▸ DESCRIPTION OF THE TASK: If a line holds the word "Pink", copy it from the entries.

____________________

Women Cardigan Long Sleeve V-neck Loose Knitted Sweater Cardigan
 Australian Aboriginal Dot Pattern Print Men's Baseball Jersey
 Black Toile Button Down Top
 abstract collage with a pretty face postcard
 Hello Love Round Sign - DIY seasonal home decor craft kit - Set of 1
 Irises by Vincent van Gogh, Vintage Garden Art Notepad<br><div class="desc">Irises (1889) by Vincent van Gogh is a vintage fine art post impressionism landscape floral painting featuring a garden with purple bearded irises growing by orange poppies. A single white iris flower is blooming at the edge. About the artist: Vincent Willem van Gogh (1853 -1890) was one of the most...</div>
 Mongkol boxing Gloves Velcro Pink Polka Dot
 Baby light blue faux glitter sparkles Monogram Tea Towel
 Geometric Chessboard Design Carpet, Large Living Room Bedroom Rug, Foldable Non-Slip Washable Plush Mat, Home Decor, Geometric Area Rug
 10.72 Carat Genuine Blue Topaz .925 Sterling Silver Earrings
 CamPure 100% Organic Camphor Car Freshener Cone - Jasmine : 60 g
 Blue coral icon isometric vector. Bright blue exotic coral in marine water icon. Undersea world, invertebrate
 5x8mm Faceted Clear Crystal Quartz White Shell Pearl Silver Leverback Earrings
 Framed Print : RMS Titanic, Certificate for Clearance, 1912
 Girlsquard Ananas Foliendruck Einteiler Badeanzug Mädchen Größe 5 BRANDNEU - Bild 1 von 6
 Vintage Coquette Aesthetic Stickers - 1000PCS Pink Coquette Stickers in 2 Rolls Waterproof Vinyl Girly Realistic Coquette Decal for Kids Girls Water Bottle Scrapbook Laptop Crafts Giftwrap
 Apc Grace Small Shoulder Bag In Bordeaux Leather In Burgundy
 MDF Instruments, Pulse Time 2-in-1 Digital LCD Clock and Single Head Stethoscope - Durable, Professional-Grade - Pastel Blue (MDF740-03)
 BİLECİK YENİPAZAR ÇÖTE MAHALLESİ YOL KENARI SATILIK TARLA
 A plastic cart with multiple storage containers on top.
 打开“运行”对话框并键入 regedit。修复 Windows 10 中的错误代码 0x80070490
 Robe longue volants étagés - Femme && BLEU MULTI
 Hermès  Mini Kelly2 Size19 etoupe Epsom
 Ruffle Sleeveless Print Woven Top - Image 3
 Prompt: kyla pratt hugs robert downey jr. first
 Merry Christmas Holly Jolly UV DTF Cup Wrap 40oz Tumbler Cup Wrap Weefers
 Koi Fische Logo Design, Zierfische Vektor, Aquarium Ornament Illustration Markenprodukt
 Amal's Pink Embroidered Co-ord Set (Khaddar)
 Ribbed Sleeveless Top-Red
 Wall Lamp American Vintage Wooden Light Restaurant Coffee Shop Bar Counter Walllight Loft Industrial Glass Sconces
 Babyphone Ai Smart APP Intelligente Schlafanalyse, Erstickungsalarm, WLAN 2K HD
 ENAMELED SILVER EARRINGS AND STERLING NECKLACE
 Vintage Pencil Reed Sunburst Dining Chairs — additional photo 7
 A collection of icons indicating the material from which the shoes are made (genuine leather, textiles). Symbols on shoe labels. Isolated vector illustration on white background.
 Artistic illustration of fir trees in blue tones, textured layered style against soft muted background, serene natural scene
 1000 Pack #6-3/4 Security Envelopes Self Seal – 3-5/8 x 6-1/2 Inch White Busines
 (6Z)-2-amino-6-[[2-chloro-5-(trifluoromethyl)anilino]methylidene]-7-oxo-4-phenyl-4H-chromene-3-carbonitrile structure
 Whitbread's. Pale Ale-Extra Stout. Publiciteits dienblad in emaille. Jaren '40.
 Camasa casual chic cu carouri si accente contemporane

____________________

▸ EXERCISE RESULT:
 Mongkol boxing Gloves Velcro Pink Polka Dot
 Vintage Coquette Aesthetic Stickers - 1000PCS Pink Coquette Stickers in 2 Rolls Waterproof Vinyl Girly Realistic Coquette Decal for Kids Girls Water Bottle Scrapbook Laptop Crafts Giftwrap
 Amal's Pink Embroidered Co-ord Set (Khaddar)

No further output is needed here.